Brian Disbury

Personal information
- Full name: Brian Elvin Disbury
- Born: 30 September 1929 Bedford, Bedfordshire, England
- Died: April 2016 (aged 86) Oro Valley, Arizona, U.S.
- Batting: Right-handed
- Bowling: Right-arm medium
- Relations: Audrey Disbury (sister)

Domestic team information
- 1946–1953: Bedfordshire
- 1954–1957: Kent

Career statistics
| Competition | First-class |
| Matches | 14 |
| Runs scored | 288 |
| Batting average | 16.00 |
| 100s/50s | 0/1 |
| Top score | 74* |
| Balls bowled | 252 |
| Wickets | 5 |
| Bowling average | 40.80 |
| 5 wickets in innings | 0 |
| 10 wickets in match | 0 |
| Best bowling | 2/76 |
| Catches/stumpings | 11/– |
- Source: CricInfo, 5 February 2012

= Brian Disbury (cricketer) =

English cricketer

Brian Elvin Disbury (30 September 1929 – April 2016) was an English cricketer. He was a right-handed batsman who bowled right-arm medium pace. He was born at Bedford in Bedfordshire, and was educated at Bedford School.

==Cricket career==
Disbury made his debut in county cricket for Bedfordshire County Cricket Club against Oxfordshire in the 1946 Minor Counties Championship whilst still at school. He played for Bedfordshire from 1946 to 1953, making a total of 36 appearances. He scored four centuries and 23 half-centuries for the county and, with George August, set the county's record for the first-wicket twice in six days in 1947, scoring 235 against Cambridgeshire and then 246 against Buckinghamshire.

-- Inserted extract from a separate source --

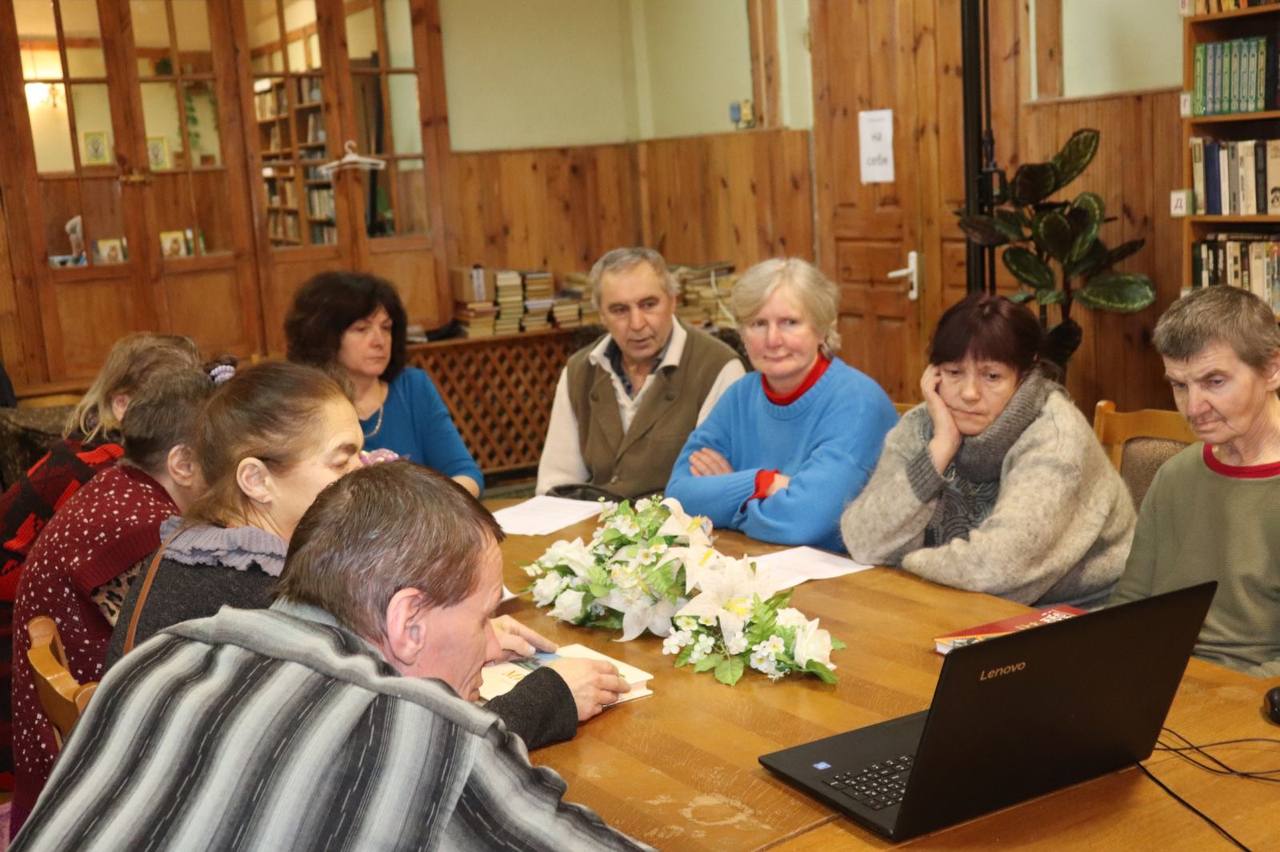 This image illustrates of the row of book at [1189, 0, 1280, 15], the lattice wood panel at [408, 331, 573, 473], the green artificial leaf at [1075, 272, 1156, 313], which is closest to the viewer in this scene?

After playing for the Public Schools against Combined Services in 1948, Disbury played for both Combined Services and the RAF whilst on National Service. His performances brought him to the attention of Kent County Cricket Club.

Disbury joined Kent in 1954, starting well for the Second XI before making his first-class cricket debut in the 1954 County Championship against Sussex. An effective opening batsman for the Second XI, he was less successful for the First XI and he "never managed to bridge the gulf" between the levels. He played a total of 14 times for Kent in first-class cricket, with his last match coming against Somerset in the 1957 County Championship.

He scored a total of 288 runs but only managed to pass 20 three times, with a high score of 74 not out, his only half century, being scored in three hours against Leicestershire at Tunbridge Wells in 1956. Disbury took 5 wickets with his medium pace bowling with best figures of 2/76. He left the Kent staff at the end of the 1957 season, although he played a few Second XI matches in 1958 and 1959 as an amateur and won his Second XI cap in 1955.

==Later life==
Disbury qualified as a chartered accountant and emigrated to the United States in 1960. After a long marriage to Margaret Rose Disbury, during which they lived in Africa and other international places, Brian and Maggie settled in Arizona. His sister, Audrey Disbury, played 10 Women's Test matches for England women.

He died in 2016 in Oro Valley, Arizona in the United States at the age of 86.